If you’re anything like me, you can bench press 350 pounds with one hand and you’re hung like a bear. Even if you’re not, there’s still plenty of things we might have in common, like being tired of the brewing next-gen console war. Maybe you’re tired of watching Microsoft shoot themselves in the face, or you don’t have $400 to spend on a PS4 when it comes out this holiday season; maybe you just want to remember the good old days of your misspent youth where you whiled away the hours in your parents’ basement playing Dragon Warrior until it was time for bed. Whatever your reasons, it’s time to rebuild your classic gaming collection.
“But why the hell should I buy old games?” you might say. “I can get everything for free from the Internet, and there are plenty of emulation software solutions out there that work just fine.” Well yes, you can go ahead and emulate old classic games very easily and for free, but emulation isn’t the same as actually playing the game on the hardware it was intended to be run upon. No emulator is perfect, and there can be serious timing and speed issues even while playing a game that seems to be running just fine – an imperceptible lag or over-sensitivity can and will translate to poor gameplay. Just try to escape Mother Brain’s lair in an emulated version of Metroid: Zero Mission and you’ll see what I mean: you’ll be lucky to get out before the timer runs down.

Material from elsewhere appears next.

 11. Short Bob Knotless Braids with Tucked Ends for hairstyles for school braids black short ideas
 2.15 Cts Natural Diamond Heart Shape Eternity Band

“All right, I see your point,” you could reply. “I don’t like the idea of pirating software anyway as it’s technically illegal. But I can get around that by buying classic games on PSN or XBLA or whatever the Nintendo online marketplace is called, and they’ve been tuned to run properly on a modern console.” Sure, you can do that, but you’re still not getting the authentic hipster-riffic experience. Haven’t you ever cut your palms on an NES controller’s hard corners? You can easily find a working classic console of your choice on eBay or Craigslist, complete with connectors and at least one controller. If you’re especially lucky, there’s a flea market or farmer’s market near you as these places are amazing sources of classic consoles and games from the PS1 era and earlier, up to and including the Atari 2600 and its competitors like the IntelliVision.
Finally you might throw up your hands and say, “but maintenance on old console games is terrible!” Well, don’t be such a big baby. If you’ve got a cartridge-based system you can easily clean off the corroded contacts on an old cart by very carefully rubbing them with a clean cloth soaked with a bit of rubbing alcohol. Not only that, but you don’t even need to know how to solder to replace a worn-out battery on a cartridge, either. Check it out:
So there you have it: there’s really no excuse for not rebuilding and maintaining a classic console game collection, short of laziness or possibly lack of space. You really don’t need all those photo albums of your wedding though; just chuck ’em and use the room you reclaim to set up your old SNES and get to re-playing ActRaiser or something. I mean, come on, are you some sort of filthy casual?